'''
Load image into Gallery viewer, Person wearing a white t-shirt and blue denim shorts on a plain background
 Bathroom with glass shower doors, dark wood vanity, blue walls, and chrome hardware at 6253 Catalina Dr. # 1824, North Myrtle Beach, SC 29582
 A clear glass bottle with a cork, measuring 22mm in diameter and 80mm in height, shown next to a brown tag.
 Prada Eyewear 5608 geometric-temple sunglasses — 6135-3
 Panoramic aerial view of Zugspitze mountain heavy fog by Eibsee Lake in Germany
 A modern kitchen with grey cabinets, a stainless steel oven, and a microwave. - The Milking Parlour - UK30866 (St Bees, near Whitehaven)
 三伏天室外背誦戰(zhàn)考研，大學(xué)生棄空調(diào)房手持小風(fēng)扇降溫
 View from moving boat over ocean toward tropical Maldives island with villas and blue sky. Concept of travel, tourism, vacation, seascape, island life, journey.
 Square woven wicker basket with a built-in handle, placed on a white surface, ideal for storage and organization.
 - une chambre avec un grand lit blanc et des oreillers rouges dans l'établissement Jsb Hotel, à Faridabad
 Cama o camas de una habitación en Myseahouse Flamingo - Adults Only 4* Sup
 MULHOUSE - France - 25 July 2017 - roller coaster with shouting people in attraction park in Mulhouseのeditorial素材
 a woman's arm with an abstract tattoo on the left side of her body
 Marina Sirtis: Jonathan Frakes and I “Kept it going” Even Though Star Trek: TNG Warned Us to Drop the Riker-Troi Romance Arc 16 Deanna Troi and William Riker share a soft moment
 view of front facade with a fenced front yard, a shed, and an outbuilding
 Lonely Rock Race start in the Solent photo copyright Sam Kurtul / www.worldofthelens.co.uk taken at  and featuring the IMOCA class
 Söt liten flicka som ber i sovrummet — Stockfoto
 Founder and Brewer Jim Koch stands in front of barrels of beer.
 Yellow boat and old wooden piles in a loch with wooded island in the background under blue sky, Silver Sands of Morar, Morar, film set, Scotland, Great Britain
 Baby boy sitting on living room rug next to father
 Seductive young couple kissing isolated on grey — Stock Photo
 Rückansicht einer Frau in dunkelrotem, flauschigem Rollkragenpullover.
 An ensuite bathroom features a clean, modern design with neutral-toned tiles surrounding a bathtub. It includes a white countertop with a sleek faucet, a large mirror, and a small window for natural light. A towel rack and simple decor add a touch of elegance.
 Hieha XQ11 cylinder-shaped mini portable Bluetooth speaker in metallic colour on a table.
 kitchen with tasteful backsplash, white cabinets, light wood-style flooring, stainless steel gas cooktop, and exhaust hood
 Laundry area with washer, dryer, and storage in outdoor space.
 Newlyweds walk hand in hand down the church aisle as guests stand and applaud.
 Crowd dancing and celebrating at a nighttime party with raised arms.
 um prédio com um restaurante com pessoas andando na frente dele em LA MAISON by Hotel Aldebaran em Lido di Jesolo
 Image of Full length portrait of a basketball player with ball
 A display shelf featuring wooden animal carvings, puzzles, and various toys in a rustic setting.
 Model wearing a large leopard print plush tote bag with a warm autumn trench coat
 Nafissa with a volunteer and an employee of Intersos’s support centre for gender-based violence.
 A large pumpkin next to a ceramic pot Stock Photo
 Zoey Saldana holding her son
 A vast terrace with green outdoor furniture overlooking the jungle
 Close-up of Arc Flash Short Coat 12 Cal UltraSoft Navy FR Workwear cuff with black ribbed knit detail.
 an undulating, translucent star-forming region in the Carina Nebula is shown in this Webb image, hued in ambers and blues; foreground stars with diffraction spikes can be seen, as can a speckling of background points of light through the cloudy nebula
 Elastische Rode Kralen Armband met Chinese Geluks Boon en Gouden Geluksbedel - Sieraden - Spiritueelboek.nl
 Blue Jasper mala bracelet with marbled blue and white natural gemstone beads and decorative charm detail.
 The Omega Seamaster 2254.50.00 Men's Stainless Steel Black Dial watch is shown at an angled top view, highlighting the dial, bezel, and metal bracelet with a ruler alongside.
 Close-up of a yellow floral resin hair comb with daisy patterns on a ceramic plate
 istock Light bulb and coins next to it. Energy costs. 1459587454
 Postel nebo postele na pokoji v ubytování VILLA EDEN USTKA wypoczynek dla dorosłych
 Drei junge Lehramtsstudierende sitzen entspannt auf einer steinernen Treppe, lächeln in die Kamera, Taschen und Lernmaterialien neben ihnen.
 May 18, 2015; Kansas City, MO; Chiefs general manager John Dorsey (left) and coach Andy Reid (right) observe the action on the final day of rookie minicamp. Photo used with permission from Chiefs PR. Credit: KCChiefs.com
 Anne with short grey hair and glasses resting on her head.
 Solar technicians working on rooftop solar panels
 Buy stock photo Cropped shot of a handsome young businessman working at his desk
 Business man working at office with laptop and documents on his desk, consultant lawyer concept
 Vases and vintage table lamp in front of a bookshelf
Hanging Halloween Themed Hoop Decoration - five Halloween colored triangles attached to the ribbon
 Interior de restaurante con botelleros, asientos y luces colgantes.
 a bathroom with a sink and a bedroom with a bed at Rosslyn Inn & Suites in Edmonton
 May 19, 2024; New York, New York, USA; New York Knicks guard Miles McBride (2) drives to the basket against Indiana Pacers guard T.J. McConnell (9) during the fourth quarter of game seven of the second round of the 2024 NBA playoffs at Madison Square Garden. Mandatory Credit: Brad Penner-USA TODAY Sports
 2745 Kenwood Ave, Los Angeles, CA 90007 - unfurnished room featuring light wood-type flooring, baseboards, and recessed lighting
'''
Task details. For this exercise, please output exactly the lines above starting at the line with "三伏天室外背誦戰(zhàn)" and ending at the line with "- une chambre", ends included.

Solution.
 三伏天室外背誦戰(zhàn)考研，大學(xué)生棄空調(diào)房手持小風(fēng)扇降溫
 View from moving boat over ocean toward tropical Maldives island with villas and blue sky. Concept of travel, tourism, vacation, seascape, island life, journey.
 Square woven wicker basket with a built-in handle, placed on a white surface, ideal for storage and organization.
 - une chambre avec un grand lit blanc et des oreillers rouges dans l'établissement Jsb Hotel, à Faridabad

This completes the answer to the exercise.